YOUR INSTRUCTIONS>
Your output should be the entries below, from the first line up to and including the line with "OPORTUNIDADE - CASA", reproduced exactly and with no other lines.

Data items
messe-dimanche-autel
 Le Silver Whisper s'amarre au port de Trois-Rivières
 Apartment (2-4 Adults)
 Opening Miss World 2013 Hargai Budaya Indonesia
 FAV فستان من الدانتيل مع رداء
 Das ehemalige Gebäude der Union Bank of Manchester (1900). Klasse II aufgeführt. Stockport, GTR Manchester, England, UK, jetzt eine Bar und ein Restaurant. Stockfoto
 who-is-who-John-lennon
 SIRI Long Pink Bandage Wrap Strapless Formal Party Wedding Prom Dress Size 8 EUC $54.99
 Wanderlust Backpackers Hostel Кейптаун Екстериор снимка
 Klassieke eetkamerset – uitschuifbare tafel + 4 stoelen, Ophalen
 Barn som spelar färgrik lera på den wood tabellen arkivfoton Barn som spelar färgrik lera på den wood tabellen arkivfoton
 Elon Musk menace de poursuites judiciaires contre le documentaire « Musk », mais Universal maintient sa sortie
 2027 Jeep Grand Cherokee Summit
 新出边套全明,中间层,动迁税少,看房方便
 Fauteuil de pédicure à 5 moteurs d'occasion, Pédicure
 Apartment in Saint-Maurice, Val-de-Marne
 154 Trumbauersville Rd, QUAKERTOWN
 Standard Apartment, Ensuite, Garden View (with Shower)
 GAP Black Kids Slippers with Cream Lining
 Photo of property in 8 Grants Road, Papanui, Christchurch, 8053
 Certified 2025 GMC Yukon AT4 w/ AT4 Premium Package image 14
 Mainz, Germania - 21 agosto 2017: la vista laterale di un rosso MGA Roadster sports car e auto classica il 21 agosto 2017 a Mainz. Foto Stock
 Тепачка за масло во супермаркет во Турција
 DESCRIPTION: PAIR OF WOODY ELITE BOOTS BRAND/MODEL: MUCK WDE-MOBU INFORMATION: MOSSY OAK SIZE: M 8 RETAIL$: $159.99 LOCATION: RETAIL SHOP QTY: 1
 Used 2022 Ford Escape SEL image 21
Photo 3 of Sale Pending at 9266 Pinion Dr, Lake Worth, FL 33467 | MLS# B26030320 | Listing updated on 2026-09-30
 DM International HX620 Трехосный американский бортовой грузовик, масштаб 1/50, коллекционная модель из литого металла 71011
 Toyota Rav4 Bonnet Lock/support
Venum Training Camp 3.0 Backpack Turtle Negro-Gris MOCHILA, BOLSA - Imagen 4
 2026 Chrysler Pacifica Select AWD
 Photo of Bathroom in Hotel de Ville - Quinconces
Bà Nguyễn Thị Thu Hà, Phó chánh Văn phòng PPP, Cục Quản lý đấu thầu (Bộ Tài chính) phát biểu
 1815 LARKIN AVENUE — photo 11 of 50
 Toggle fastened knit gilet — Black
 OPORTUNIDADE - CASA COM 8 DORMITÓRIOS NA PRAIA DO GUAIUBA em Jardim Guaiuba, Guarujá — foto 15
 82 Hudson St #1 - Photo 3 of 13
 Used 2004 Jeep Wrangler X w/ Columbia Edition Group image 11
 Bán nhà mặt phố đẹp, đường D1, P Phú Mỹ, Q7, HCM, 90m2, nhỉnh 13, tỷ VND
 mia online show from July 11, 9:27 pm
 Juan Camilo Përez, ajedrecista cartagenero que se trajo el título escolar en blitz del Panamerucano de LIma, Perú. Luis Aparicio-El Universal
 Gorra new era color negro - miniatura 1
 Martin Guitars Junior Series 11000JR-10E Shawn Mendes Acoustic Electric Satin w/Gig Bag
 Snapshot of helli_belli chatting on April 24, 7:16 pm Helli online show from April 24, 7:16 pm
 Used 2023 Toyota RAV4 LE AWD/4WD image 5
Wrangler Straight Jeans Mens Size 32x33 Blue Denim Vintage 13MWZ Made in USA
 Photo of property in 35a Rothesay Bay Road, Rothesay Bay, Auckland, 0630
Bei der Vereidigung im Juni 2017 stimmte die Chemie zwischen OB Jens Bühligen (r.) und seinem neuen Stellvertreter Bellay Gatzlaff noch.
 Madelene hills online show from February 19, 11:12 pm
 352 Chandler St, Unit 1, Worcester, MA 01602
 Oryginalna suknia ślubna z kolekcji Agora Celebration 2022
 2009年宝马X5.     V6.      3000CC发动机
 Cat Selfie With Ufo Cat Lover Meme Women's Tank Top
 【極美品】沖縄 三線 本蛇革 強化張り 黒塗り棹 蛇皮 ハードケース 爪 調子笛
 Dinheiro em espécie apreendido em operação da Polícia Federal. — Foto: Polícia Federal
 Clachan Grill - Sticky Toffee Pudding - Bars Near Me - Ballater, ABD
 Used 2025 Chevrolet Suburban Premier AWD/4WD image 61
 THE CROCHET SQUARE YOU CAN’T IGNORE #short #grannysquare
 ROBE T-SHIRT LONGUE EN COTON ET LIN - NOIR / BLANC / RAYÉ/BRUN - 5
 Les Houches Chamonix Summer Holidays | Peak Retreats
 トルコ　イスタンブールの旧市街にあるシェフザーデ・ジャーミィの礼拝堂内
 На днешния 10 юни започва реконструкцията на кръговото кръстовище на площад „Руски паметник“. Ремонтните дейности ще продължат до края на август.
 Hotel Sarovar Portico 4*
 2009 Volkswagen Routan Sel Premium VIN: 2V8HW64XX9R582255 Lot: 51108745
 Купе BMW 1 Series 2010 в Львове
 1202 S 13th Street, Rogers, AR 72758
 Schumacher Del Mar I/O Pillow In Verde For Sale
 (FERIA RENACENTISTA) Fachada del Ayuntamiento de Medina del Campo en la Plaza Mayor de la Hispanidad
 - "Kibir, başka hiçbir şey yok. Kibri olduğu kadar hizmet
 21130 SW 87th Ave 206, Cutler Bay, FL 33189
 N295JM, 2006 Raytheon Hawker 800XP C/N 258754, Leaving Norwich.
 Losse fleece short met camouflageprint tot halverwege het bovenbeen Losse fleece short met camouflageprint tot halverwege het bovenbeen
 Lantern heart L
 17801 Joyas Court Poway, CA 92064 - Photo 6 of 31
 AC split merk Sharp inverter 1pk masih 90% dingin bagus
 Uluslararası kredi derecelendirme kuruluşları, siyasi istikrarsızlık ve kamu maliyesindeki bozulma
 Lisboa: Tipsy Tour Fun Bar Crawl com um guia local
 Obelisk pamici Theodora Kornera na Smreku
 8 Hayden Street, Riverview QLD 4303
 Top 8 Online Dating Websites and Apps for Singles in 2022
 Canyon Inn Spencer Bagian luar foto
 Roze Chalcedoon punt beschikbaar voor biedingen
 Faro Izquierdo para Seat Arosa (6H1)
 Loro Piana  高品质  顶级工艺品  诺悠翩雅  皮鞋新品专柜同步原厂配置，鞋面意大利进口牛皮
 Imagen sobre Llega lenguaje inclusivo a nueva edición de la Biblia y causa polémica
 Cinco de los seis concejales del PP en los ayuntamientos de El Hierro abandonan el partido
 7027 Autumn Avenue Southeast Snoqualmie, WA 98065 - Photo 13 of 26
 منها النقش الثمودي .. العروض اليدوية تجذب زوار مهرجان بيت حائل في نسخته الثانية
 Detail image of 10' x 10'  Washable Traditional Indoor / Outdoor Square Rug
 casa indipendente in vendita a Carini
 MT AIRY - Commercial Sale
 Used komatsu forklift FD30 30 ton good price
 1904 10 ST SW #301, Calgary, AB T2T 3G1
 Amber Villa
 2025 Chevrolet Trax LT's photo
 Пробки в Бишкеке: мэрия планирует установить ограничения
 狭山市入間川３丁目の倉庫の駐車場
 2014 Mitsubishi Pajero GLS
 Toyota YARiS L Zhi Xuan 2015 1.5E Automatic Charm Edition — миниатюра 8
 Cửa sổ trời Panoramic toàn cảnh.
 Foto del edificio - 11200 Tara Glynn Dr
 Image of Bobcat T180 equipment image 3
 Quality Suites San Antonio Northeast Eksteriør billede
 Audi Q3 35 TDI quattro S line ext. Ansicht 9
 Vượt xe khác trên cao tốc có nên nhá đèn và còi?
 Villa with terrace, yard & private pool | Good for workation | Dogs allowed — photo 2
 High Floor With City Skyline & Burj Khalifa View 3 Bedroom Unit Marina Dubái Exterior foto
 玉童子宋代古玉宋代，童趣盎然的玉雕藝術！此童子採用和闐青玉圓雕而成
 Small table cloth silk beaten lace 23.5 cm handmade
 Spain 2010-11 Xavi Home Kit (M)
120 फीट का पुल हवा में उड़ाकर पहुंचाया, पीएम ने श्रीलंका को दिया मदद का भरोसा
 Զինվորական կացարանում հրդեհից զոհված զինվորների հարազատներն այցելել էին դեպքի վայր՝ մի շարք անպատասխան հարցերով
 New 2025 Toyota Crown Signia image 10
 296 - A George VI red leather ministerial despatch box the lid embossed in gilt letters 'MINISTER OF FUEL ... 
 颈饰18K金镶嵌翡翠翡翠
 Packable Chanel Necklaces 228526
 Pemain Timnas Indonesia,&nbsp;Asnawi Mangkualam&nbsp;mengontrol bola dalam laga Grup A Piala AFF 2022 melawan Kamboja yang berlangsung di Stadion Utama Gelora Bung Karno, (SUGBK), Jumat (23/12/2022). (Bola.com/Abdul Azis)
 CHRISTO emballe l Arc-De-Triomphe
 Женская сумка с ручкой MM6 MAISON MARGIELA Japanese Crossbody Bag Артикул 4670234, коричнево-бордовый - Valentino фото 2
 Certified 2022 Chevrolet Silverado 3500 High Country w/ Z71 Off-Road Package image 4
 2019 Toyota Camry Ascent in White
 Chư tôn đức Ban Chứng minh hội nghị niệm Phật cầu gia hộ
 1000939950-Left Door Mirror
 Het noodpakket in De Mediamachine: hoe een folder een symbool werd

EXERCISE RESPONSE>
messe-dimanche-autel
 Le Silver Whisper s'amarre au port de Trois-Rivières
 Apartment (2-4 Adults)
 Opening Miss World 2013 Hargai Budaya Indonesia
 FAV فستان من الدانتيل مع رداء
 Das ehemalige Gebäude der Union Bank of Manchester (1900). Klasse II aufgeführt. Stockport, GTR Manchester, England, UK, jetzt eine Bar und ein Restaurant. Stockfoto
 who-is-who-John-lennon
 SIRI Long Pink Bandage Wrap Strapless Formal Party Wedding Prom Dress Size 8 EUC $54.99
 Wanderlust Backpackers Hostel Кейптаун Екстериор снимка
 Klassieke eetkamerset – uitschuifbare tafel + 4 stoelen, Ophalen
 Barn som spelar färgrik lera på den wood tabellen arkivfoton Barn som spelar färgrik lera på den wood tabellen arkivfoton
 Elon Musk menace de poursuites judiciaires contre le documentaire « Musk », mais Universal maintient sa sortie
 2027 Jeep Grand Cherokee Summit
 新出边套全明,中间层,动迁税少,看房方便
 Fauteuil de pédicure à 5 moteurs d'occasion, Pédicure
 Apartment in Saint-Maurice, Val-de-Marne
 154 Trumbauersville Rd, QUAKERTOWN
 Standard Apartment, Ensuite, Garden View (with Shower)
 GAP Black Kids Slippers with Cream Lining
 Photo of property in 8 Grants Road, Papanui, Christchurch, 8053
 Certified 2025 GMC Yukon AT4 w/ AT4 Premium Package image 14
 Mainz, Germania - 21 agosto 2017: la vista laterale di un rosso MGA Roadster sports car e auto classica il 21 agosto 2017 a Mainz. Foto Stock
 Тепачка за масло во супермаркет во Турција
 DESCRIPTION: PAIR OF WOODY ELITE BOOTS BRAND/MODEL: MUCK WDE-MOBU INFORMATION: MOSSY OAK SIZE: M 8 RETAIL$: $159.99 LOCATION: RETAIL SHOP QTY: 1
 Used 2022 Ford Escape SEL image 21
Photo 3 of Sale Pending at 9266 Pinion Dr, Lake Worth, FL 33467 | MLS# B26030320 | Listing updated on 2026-09-30
 DM International HX620 Трехосный американский бортовой грузовик, масштаб 1/50, коллекционная модель из литого металла 71011
 Toyota Rav4 Bonnet Lock/support
Venum Training Camp 3.0 Backpack Turtle Negro-Gris MOCHILA, BOLSA - Imagen 4
 2026 Chrysler Pacifica Select AWD
 Photo of Bathroom in Hotel de Ville - Quinconces
Bà Nguyễn Thị Thu Hà, Phó chánh Văn phòng PPP, Cục Quản lý đấu thầu (Bộ Tài chính) phát biểu
 1815 LARKIN AVENUE — photo 11 of 50
 Toggle fastened knit gilet — Black
 OPORTUNIDADE - CASA COM 8 DORMITÓRIOS NA PRAIA DO GUAIUBA em Jardim Guaiuba, Guarujá — foto 15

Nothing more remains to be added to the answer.